* _Data for the task_:
• • • •

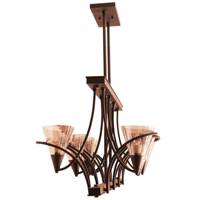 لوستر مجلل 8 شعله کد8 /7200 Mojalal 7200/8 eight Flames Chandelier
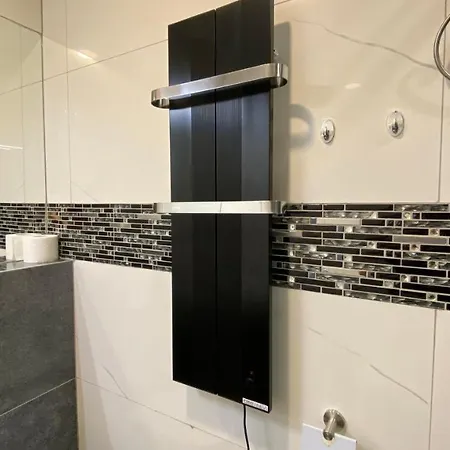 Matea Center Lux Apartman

• • • •

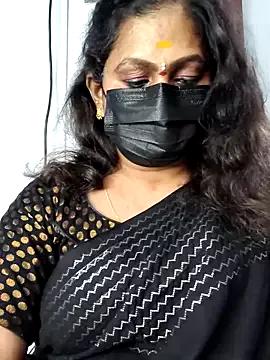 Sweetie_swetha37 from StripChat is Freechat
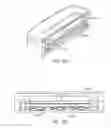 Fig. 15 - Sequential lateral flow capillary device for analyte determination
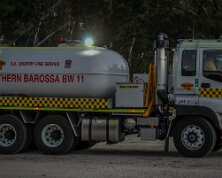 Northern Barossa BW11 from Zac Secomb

• • • •

* _The task_:
Work from the entries above. Set down exactly and only the lines from the line with "Fig. 15 - Sequential" to the line with "Northern Barossa BW11 from Zac Secomb", both included, and leave the pictures out.

* _Result for this exercise_:
 Fig. 15 - Sequential lateral flow capillary device for analyte determination
 Northern Barossa BW11 from Zac Secomb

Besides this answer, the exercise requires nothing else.